Then there's Anastasia, another perversion of historical fact that made it big at the box office. More beautiful, perfectly proportioned cartoon characters frolicking about, blissfully ignorant of the truth behind their story. I wonder if they ever mentioned the fate of Anastasia's family in the cartoon. Probably not. The story of people lined up against the wall and shot by radical revolutionaries is too icky for our children. How unpleasant. It would need to be made more palatable for our youngsters. Hey, I know! The evil Warlock Lenin and his cute gopher sidekick, Trotsky, gave the beautiful and heroic (and six foot two inch) Czar Nicholas and his beautiful family poisoned apples that placed them in a deep sleep, never to awaken. How much more pleasant than guts blown all aver a basement wall.

One wonders what could be next. What episode in mankind's history will be scoured, polished, and rewritten to be made more acceptable as the next big animated hit. I can see it now...

Adolph and Eva.

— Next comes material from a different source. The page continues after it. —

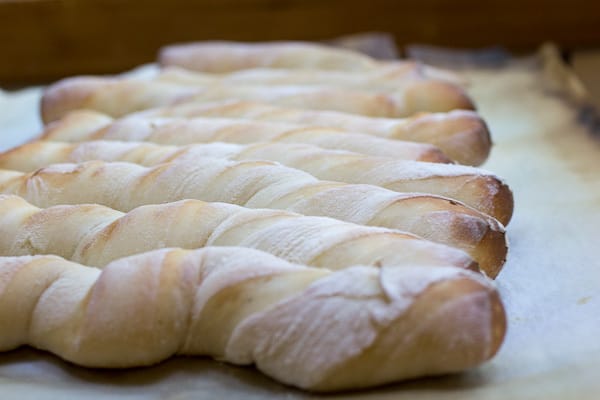 Roasted Garlic Parmesan Twisty Bread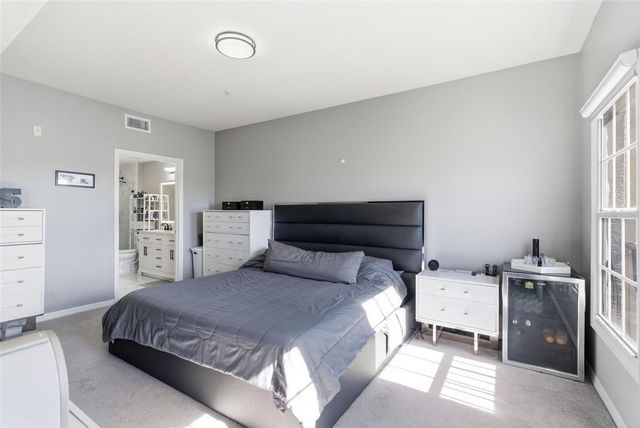 501 KNIGHTS RUN AVENUE 1332, Tampa, FL 33602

The story of two physically perfect young German people frolicking through the sparkling world of post-World War One Europe, trying to make the world safe for the Aryan people. Featuring Goering, Adolph's bumbling yet lovable bear pal, and Goebbels, the sarcastic weasel. They battle the evil forces of Socialism, led by the evil sorcerer, Stalin, and eventually triumph, to live happily ever after and sing beautiful, if guttural, German folk songs. Soundtrack features Puff Daddy, The Wallflowers, and Nine Inch Nails.

Watergate World. Beautiful and svelte Dick and Pat frolic around the White House, singing songs in praise of the GOP. There's a minor setback when Dick is accused of lying to the American people, but after he explains that it was all for the best, and necessary to defeat the evil sorcerer McGovern and his hippie hordes, the people understand, and he serves out his term as president with dignity and honor. Features Dick's deadpan sidekick, Kissinger the Koala bear, and the talking walls of the White House, which keep Dick informed of everything that's going on. Except for those eight minutes...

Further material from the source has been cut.